De Sumar, mejor no hacer ni una sola mención.
Las naderías con las que despachan la situación son lo suficientemente elocuentes.
La edad de la inocencia debería terminarse, la de creer que hay espacios que no se tocan, normas que no se doblan, instituciones que no se abajan cuando el poder se desboca; está en el alero aquello que separa la democracia como cultura cívica de la democracia como formalismo vacío.
Y lo que está en juego no es una elección, sino la posibilidad misma de que las normas sigan siendo reconocidas como límites y no como obstáculos.

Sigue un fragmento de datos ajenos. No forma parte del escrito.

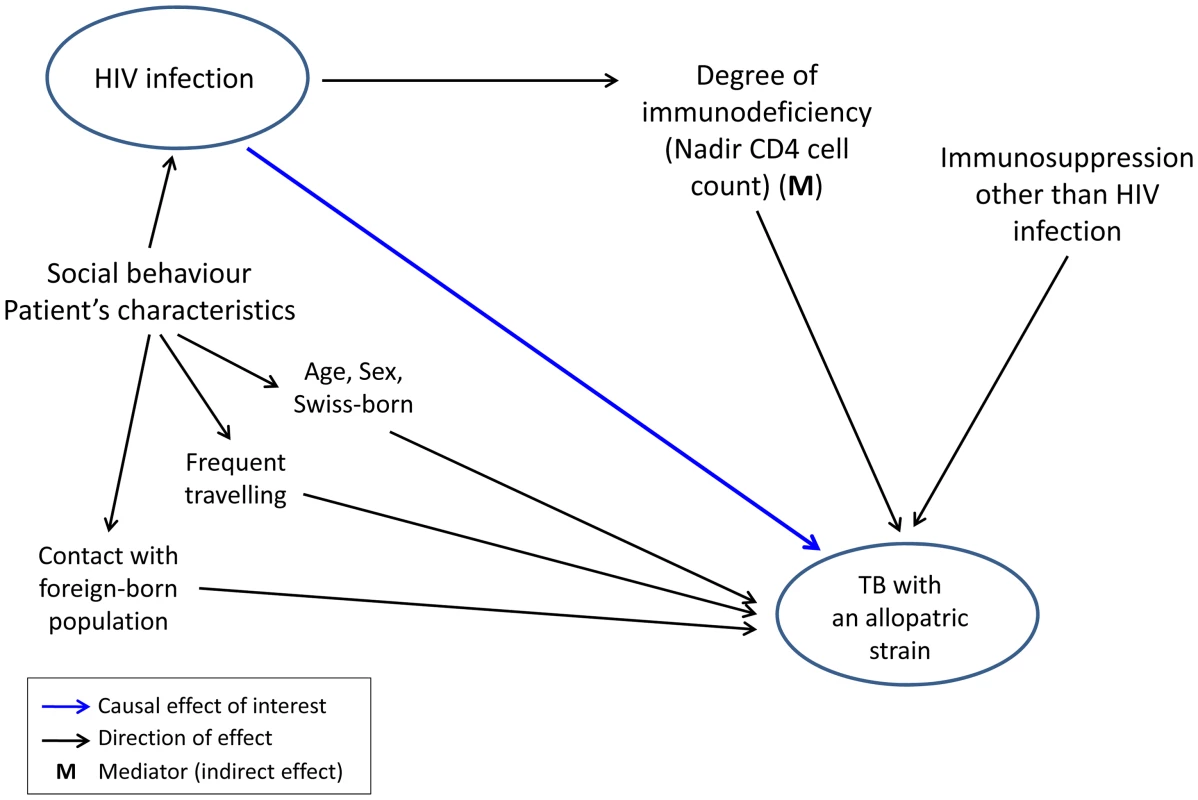 Graphical model showing direct and indirect potential effects of HIV infection on tuberculosis (TB) caused by an allopatric &lt;i&gt;Mycobacterium tuberculosis&lt;/i&gt; strain, in the context of other potential factors influencing this association.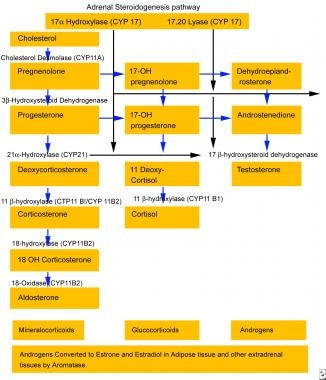Generic adrenocortical steroidogenesis pathway. 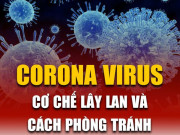 Tin tức trong ngày - Cơ chế lây lan và cách phòng tránh dịch bệnh virus Corona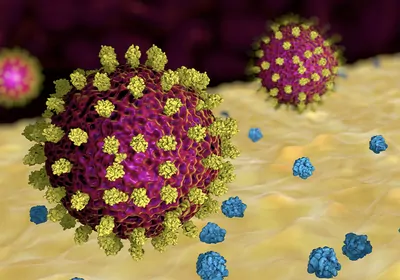 A New Multiplexed SARS-CoV-2 Serological Assay Using Advanced Flow Cytometry 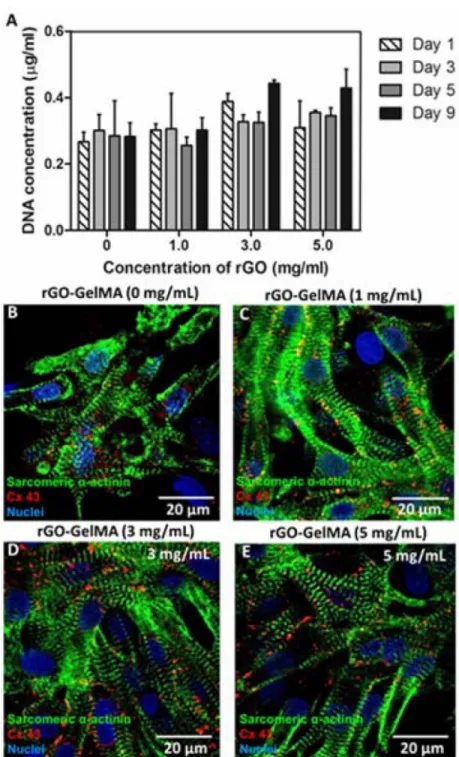 Figure 4. Phenotype of cardiac cells on pristine GelMA and rGO-GelMA hydrogels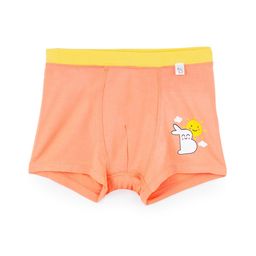 SuperBottoms Boys Super Soft Anti Bacterial Basic Briefs Und-B-TR-NS-4-6Y-1P-image-85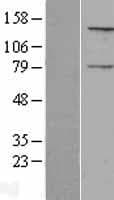 C15orf2 Protein (Over-Expression Lysate Myc-DDK (Flag))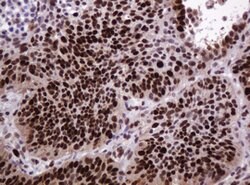 PCNA Mouse anti-Human, Clone: OTI3D6, lyophilized, TrueMAB 100 &mu;g; Unconjugated:Antibodies,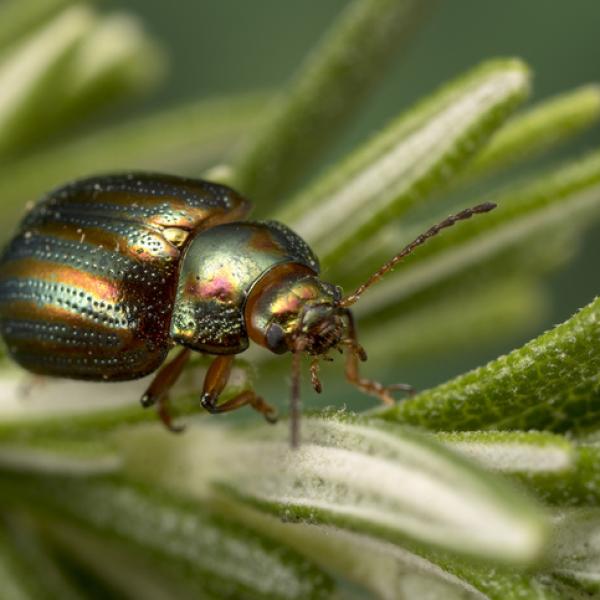 Explora la fascinante variedad de escarabajos: imágenes y nombres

Sustituir la confianza en el ser humano por cierta cordura moral que, desde el entramado de nuestras instituciones, impida normalizar lo anómalo, y que el cálculo no sepulte lo correcto.
Recuperar, en fin, un clima de exigencia serena, sin odio, sin histeria, pero que, con claridad, haga reconocible lo inaceptable y elimine toda sombra de confusión sobre lo que es correcto.
Porque lo que cruje no es solo los resortes de un gobierno.
Lo que cruje es la idea de que hay una base compartida desde la cual disentir. Esa base –hecha de respeto, de ley, de cierta humildad institucional– es la que se está desgastando. Y si se pierde, no habrá discusión posible. Solo gritos. Solo ruido.